Available in the UK for £19.90 from Amazon, the lock boasts a number of features, including Bluetooth operation via the companion smartphone app, RFID tag support, and a TSA manual override. So far, so good. However, digging deeper, it is clear that the device should be used with extreme caution. Access to the device is handled via a password set in the app:

eGeeTouch app – password management screen

This password is required when initially pairing the lock with the app; without that the two can’t talk to each other. Setting the password to 080379, we can then look to see how the lock communicates with the app, and vice versa. To do so, we can use btlejack, a Python tool that leverages the Bluetooth LE chipset in the BBC micro:bit development board to hijack the connection and dump the output to a Wireshark format dump file (download it here). Looking at output from a successfully captured session, we can see the following in packet 78:

Authentication capture

The capture indicates a write to the 0xfff8 attribute of the letter a plus our secret code, 080379. The lock then replies with a range of other information, for example the Model Number in packet 89 :

eGeeTouch model number

and the firmware revision in packet 92:

eGeeTouch Firmware

Triggering an unlock event via the app sends the following (packet 95):

Unlock event

whilst a lock event sends the following (packet 101):

Lock event

It seems clear therefore that the operation of the lock, at least via the companion app, is controlled by these three commands; an initial authentication, followed by the relevant lock or unlock code. All three use the “secret” code that was set in the app.
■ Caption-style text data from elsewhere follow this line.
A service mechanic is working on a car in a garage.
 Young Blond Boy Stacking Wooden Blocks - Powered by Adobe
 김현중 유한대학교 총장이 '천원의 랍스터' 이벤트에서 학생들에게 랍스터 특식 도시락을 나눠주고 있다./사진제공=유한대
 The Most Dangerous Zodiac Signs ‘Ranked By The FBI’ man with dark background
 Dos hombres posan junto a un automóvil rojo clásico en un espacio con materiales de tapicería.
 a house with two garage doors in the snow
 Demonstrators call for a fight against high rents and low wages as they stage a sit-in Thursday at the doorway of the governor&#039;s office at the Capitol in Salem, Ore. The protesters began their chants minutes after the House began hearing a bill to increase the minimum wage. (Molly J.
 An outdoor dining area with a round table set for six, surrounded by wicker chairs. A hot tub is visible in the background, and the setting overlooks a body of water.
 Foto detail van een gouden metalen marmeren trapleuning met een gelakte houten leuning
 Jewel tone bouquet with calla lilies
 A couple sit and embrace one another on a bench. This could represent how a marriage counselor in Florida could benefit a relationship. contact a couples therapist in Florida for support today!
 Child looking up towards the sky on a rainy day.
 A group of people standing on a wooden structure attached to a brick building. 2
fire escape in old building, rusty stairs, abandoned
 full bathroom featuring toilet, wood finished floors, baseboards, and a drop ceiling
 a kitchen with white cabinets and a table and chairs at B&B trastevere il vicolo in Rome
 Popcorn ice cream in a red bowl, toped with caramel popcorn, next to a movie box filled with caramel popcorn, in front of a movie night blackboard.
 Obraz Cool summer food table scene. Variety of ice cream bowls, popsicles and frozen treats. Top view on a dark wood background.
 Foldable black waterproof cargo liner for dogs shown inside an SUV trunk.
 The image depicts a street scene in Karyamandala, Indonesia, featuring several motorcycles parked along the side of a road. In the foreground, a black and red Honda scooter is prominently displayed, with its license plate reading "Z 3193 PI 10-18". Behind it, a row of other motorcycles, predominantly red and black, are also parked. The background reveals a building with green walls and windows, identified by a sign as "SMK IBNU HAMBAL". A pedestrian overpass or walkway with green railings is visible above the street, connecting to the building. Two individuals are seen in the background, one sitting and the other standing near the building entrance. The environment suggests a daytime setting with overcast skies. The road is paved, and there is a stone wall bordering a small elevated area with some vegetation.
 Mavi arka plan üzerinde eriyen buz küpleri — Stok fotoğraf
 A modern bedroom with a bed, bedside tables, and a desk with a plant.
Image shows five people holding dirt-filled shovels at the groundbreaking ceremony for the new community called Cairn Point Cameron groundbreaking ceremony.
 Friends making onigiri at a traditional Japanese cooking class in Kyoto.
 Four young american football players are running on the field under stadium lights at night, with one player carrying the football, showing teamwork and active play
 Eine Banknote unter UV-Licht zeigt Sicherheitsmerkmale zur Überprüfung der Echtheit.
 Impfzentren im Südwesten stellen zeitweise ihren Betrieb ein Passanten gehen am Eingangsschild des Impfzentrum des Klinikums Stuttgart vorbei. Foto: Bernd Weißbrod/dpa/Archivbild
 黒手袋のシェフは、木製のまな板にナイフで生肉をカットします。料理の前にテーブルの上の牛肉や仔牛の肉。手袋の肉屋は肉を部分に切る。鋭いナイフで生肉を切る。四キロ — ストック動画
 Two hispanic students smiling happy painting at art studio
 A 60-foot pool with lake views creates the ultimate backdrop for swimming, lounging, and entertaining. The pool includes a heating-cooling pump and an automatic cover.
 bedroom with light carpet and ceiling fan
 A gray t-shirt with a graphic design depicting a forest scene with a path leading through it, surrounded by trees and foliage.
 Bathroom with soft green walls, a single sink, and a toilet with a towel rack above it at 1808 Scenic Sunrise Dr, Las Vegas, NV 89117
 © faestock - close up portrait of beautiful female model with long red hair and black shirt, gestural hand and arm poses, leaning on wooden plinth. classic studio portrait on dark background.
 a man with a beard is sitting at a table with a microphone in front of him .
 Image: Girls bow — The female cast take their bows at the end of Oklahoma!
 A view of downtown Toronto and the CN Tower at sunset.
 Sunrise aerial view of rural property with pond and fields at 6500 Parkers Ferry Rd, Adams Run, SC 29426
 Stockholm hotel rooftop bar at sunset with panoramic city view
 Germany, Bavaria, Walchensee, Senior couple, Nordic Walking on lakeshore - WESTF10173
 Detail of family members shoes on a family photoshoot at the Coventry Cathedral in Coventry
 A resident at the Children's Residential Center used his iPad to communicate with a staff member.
How much access can we get knowing that?

The app is currently logged in using the following account:

User account

Let’s then log out and try signing up with a brand new account:

Attacker account

Logging in, we can see that no devices are currently registered:

No devices registered

Clicking the Add Lock button brings up the following:

Lock choice screen

Select the correct device and we are asked for the pairing password. Enter that and:

Success!

The user now has full admin rights over the lock, including, crucially, the ability to change the pairing password and so lock the legitimate owner out. No notification is provided to the original user that their password has been used on another account, so they are none the wiser that the lock is compromised.

The exploit relies on the attacker having the ability to capture the data flowing between the device and the companion app. There are a number of different ways of doing this in addition to the btlejack method; for example, the image below identifies the same back and forward communication as in the PCAP, though in this case it was captured using the Gattacker tool:

Gattacker output

The attack does require a small amount of contact with the device, amounting to a push of the power button on the side of the lock. In a busy environment such as a railway station or airport it is not an impossible obstacle to surmount. In short, the eGeeTouch Travel Padlock should be passed over if you are looking for a reliably secure device.

I will be returning to this lock in a later post, as there are a number of other serious issues that greatly impact its desirability as a consumer product.